News: Aston Villa to Introduce ‘Safe Standing’?

Villa want to introduce a small standing area between the Holte End and the Trinity Road Stand

by Tom Stewart

Aston Villa have announced that they plan to introduce a small section of ‘safe standing’ into their 42,000 Villa Park home.

The Premier League club made the announcement yesterday, but also said that it wouldn’t happen until at least 2013, as they have a series of hurdles to overcome before it becomes a reality.

This follows news that SPL clubs have been given the go-ahead to introduce safe standing into their grounds, with Celtic particularly interested.

To make this happen would require a reversal of the law brought about following the post-Hillsborough report made by Lord Taylor which outlaws terracing in England’s top two divisions.

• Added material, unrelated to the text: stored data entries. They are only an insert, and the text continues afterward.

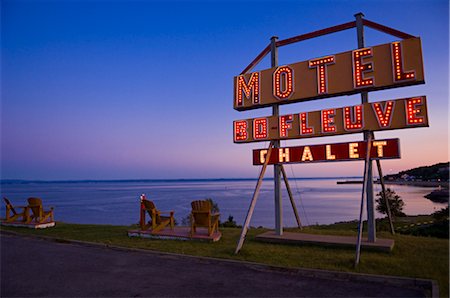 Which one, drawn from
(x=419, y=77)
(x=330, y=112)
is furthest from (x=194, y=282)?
(x=419, y=77)

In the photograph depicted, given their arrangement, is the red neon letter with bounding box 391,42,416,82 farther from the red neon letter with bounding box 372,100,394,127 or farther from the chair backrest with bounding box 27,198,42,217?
the chair backrest with bounding box 27,198,42,217

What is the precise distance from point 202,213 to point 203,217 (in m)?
0.21

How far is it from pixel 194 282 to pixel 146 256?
2825 millimetres

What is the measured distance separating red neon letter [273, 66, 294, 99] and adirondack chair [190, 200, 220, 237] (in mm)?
4531

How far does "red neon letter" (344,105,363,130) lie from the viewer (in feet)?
30.9

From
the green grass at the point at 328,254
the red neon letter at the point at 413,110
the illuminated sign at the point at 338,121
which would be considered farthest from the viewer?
the illuminated sign at the point at 338,121

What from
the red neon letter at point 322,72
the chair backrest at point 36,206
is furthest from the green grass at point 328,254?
the red neon letter at point 322,72

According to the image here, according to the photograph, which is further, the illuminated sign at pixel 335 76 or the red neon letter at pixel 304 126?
the red neon letter at pixel 304 126

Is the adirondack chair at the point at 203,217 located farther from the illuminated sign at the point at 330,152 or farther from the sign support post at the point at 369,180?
the sign support post at the point at 369,180

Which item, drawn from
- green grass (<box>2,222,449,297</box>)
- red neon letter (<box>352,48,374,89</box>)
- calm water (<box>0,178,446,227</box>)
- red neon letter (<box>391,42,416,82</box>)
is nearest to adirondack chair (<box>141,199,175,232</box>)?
green grass (<box>2,222,449,297</box>)

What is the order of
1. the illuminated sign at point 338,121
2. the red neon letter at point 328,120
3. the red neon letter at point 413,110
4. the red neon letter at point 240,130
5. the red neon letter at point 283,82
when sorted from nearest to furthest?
the red neon letter at point 413,110, the illuminated sign at point 338,121, the red neon letter at point 328,120, the red neon letter at point 283,82, the red neon letter at point 240,130

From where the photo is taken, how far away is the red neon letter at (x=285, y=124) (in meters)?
10.6

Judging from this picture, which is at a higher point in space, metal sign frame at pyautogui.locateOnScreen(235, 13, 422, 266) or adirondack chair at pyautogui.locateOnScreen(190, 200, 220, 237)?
metal sign frame at pyautogui.locateOnScreen(235, 13, 422, 266)

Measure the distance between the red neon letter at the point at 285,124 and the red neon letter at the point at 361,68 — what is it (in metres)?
2.27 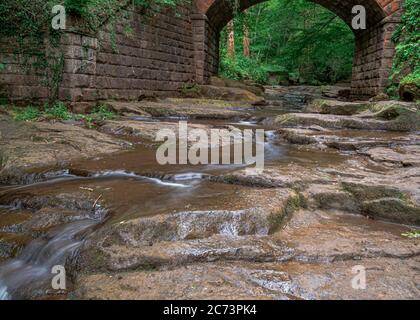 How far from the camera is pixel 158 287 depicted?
205 cm

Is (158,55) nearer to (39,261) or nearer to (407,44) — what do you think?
(407,44)

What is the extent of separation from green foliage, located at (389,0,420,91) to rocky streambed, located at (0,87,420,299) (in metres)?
8.20

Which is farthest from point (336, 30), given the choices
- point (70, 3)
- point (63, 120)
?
point (63, 120)

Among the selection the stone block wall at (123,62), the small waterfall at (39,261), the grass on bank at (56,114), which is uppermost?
the stone block wall at (123,62)

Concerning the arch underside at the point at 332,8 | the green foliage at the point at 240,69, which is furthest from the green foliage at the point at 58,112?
the green foliage at the point at 240,69

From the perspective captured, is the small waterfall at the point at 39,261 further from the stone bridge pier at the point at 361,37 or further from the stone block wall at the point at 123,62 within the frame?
the stone bridge pier at the point at 361,37

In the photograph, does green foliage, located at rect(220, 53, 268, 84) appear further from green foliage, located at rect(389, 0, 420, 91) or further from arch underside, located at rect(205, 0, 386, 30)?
green foliage, located at rect(389, 0, 420, 91)

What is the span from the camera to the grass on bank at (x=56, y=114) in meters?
7.77

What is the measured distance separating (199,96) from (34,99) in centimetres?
649

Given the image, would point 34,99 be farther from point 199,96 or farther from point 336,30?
point 336,30

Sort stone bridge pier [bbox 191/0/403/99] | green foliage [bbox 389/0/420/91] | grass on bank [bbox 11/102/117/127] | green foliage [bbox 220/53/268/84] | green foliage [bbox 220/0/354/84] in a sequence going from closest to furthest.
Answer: grass on bank [bbox 11/102/117/127] < green foliage [bbox 389/0/420/91] < stone bridge pier [bbox 191/0/403/99] < green foliage [bbox 220/53/268/84] < green foliage [bbox 220/0/354/84]

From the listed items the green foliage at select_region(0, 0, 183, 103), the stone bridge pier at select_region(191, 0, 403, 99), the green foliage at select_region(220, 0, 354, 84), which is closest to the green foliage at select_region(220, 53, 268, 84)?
the green foliage at select_region(220, 0, 354, 84)

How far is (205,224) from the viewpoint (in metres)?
2.72

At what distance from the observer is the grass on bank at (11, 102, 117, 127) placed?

However, support for the introduction of ‘safe standing‘, which can be converted to seating easily, has grown in recent years following huge levels of success in Germany

Terracing like this as Kaiserslautern's Fritz-Walter Stadion has proved popular

The model used in Germany with ‘rail seats’ would be copied to suit the English model. This has proved immensely popular in Germany, with reduced ticket prices have meaning that the Bundesliga is the highest attended league in the world.

The terracing can be easily converted to all-seater (the terracing is always in a particular area of the ground) so it can be used for international and european club competitions.

The Football Supporters Federation (FSF) are hoping for a trial of safe standing areas in England, with the potential for higher attendances and lower ticket costs for the standing areas.

It could prove popular with a number of clubs who are struggling to fill their stadiums with all-seater crowds and high ticket costs.

However there are a number of obstacles standing in the way:

-It is currently illegal to have terracing in the top two tiers of English football, and this law would need to be reversed. There has been very little political support for this movement so this could prove to be a major stumbling block.

-English clubs spent a lot of money on converting their grounds to become all-seater following the Taylor Report and may therefore be reluctant to spend more money on converting again.

-While it will result in higher attendances, which in theory would benefit the clubs with higher merchandise sales etc. the type of person that will want to stand in the terraces are NOT the type of person that spends much money in the ground (generally young males). Clubs are keen to get more and more families into grounds because they are the ones who spend money.